I have avoided many of the "mama" tags that people seem to adore placing on women who work in the tech space. I'm not a tech mama, tech maven, tech queen, tech diva or whatever. And, I'm quick to gently correct someone who uses those terms in reference to me. I find them off-putting and passive aggressive in an odd sort of way.
It seems like if you're a successful woman, you need a label so people can place you in the apppropriate sections in their mental file system. These labels seem to underhandedly attempt to put us in "a woman's place". From my experience, this doesn't happen so much with men. When was the last time you've heard a guy refer to himself as a Tech Prince?
I do think women bring a distinct advantage to the tech smorgasboard and I, for one, leverage my advantage every chance I get. After all, I wasn't born a woman for no reason.
What I ponder most often is why, in this day and time, we're still being asked what it's like to be a woman working in technology. I think there are valuable answers to that question, I just think the current focus of that question could use some modernization and reframing.

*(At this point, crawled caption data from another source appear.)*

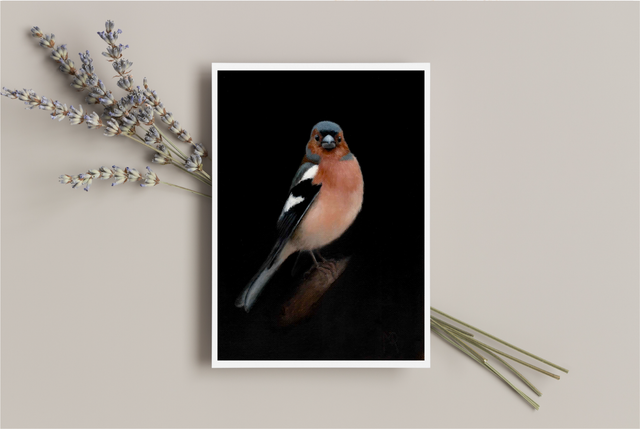 Portrait of a Chaffinch 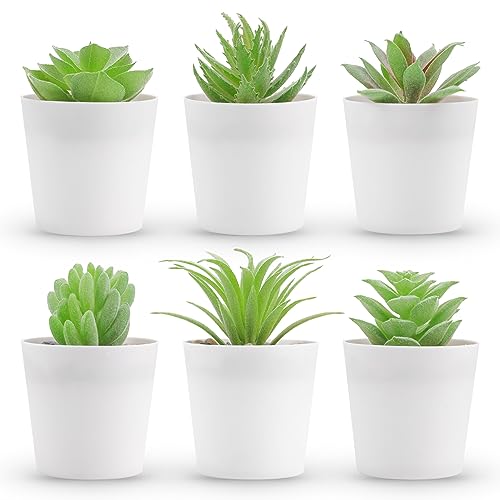 Der Rose Set of 6 Fake Plants Succulents Plants Artificial in Pots for Bedroom Aesthetic Living Room Bathroom Office Home Decor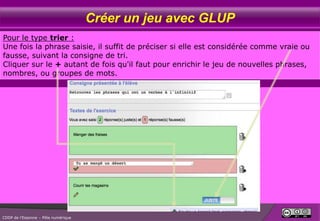 Créer un jeu avec GLUP
Pour le type trier :
Une fois la phrase saisie, il suffit de préciser si elle est considérée comme vraie ou
fausse, suivant la consigne de tri.
Cliquer sur le + autant de fois qu'il faut pour enrichir le jeu de nouvelles phrases,
nombres, ou groupes de mots.

CDDP de l’Essonne – Pôle numérique

 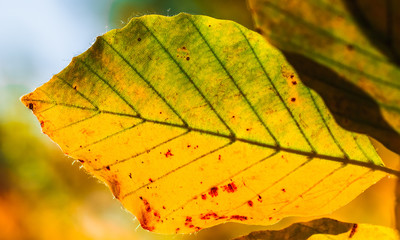 Closeup view of colorful leave in fall
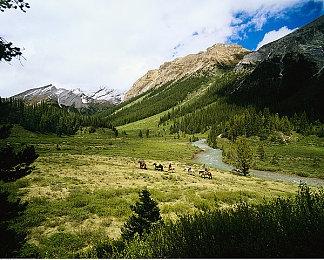 联手马丁尝到甜头 宫崎英高还想跟著名作家合作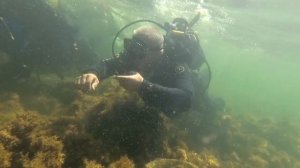 Первое погружение с аквалангом — Intro dive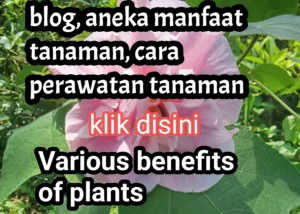 Aneka jenis tanaman obat dan manfaatnya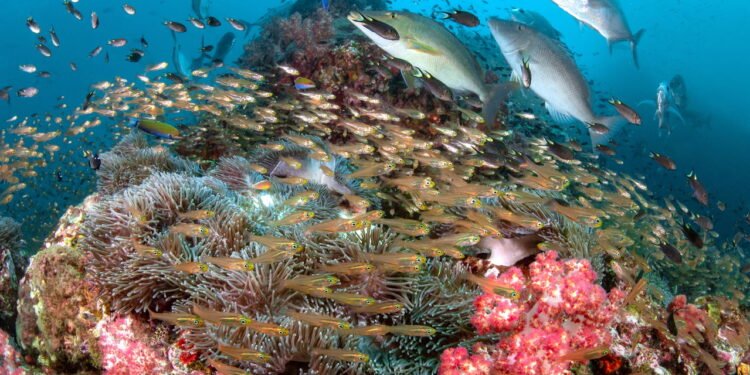 Gigante marinho de 34 metros estava vivo quando Napoleão governava a França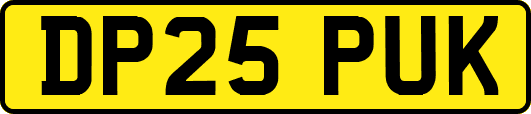DP25PUK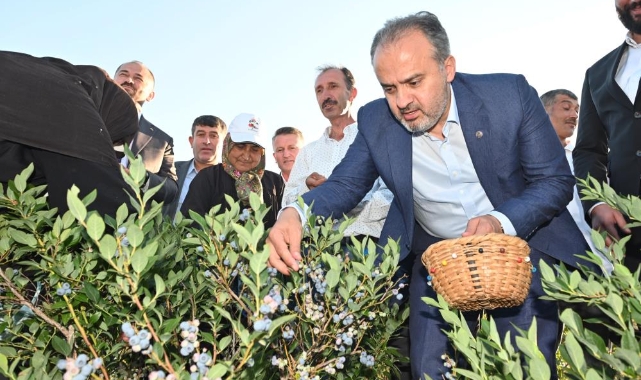 Yaban mersininde hasat bereketi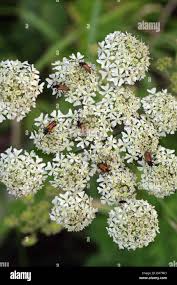 Attēlu rezultāti vaicājumam “Pseudovadonia livida”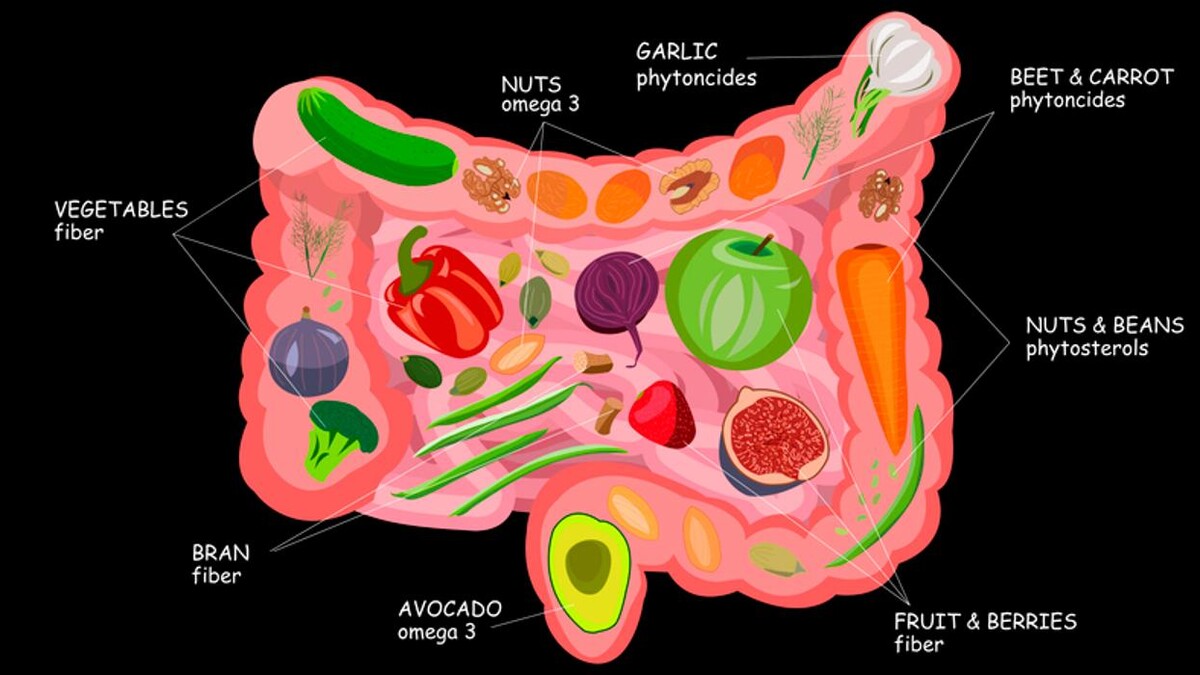 Nutrizione Funzionale Logo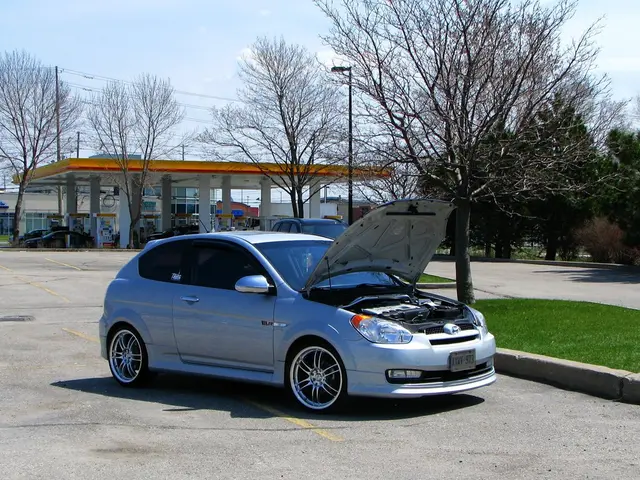 Determining petrol expenses: an analysis of petrol pricing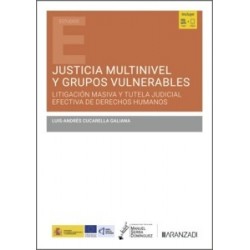 Justicia multinivel y grupos vulnerables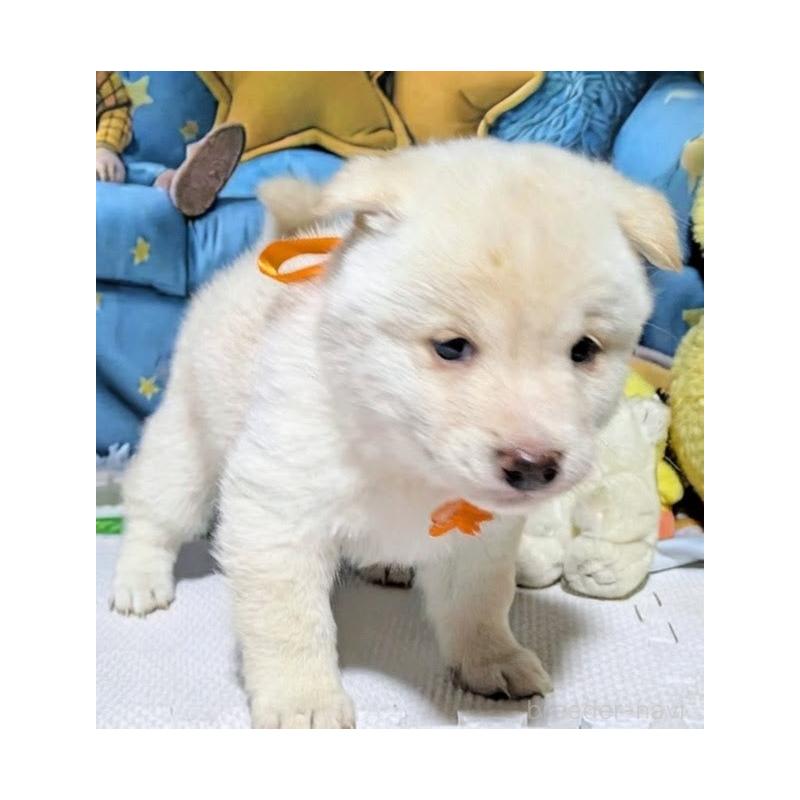 販売中の岡山県の豆柴-456382の3枚目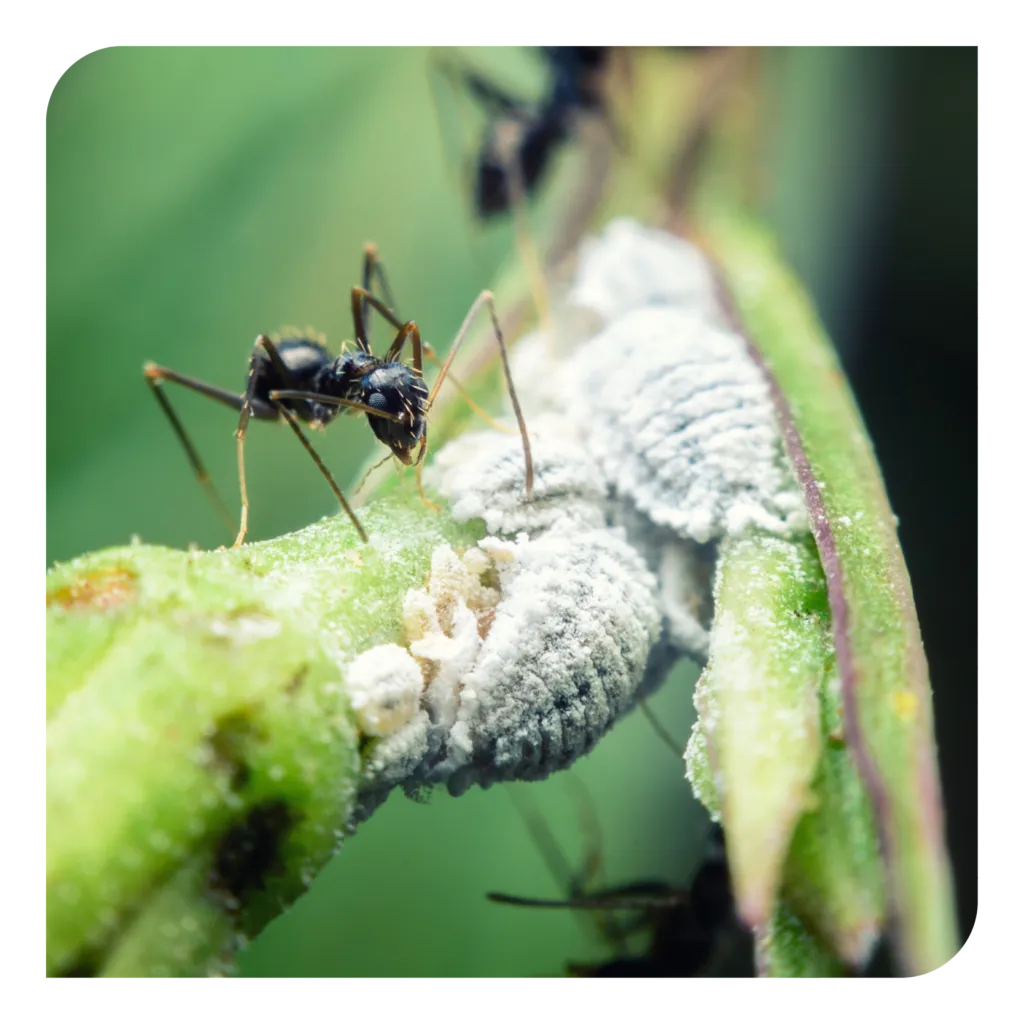 17441 removing ants from enclosure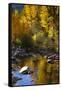 Fall Color Is Reflected Off a Stream Flowing Through an Aspen Grove in the Sierras-John Alves-Framed Stretched Canvas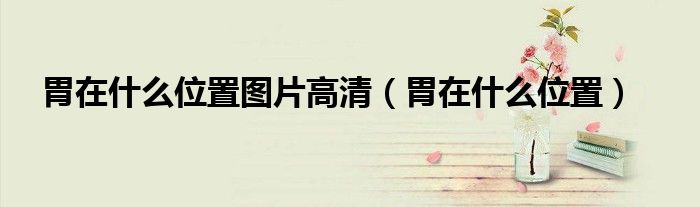 胃在什么位置圖片高清（胃在什么位置）
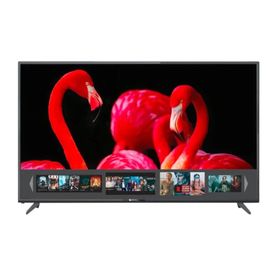 Coruian Dijitsu DJT65S 3 mm Uyumlu TV Ekran Koruyucu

As a social media strategist, I have a lot in common with your experience working in technology however, I also look forward to reading stories from women coders and developers. There's room for everyone at the table. Anything else is coming from a scarcity mindset and - if we're going to support one another like we all say we want to - scarcity, crabs-in-a-barrel tactics shouldn't be tolerated.
Contrary to what others wrote about this being a disappointing first article, I think running this article first was uber-smart. Having the first article be about the technical side of tech would be obvious, expected and trite. Kudos to Tatiana for having the ovaries to veer from the norm.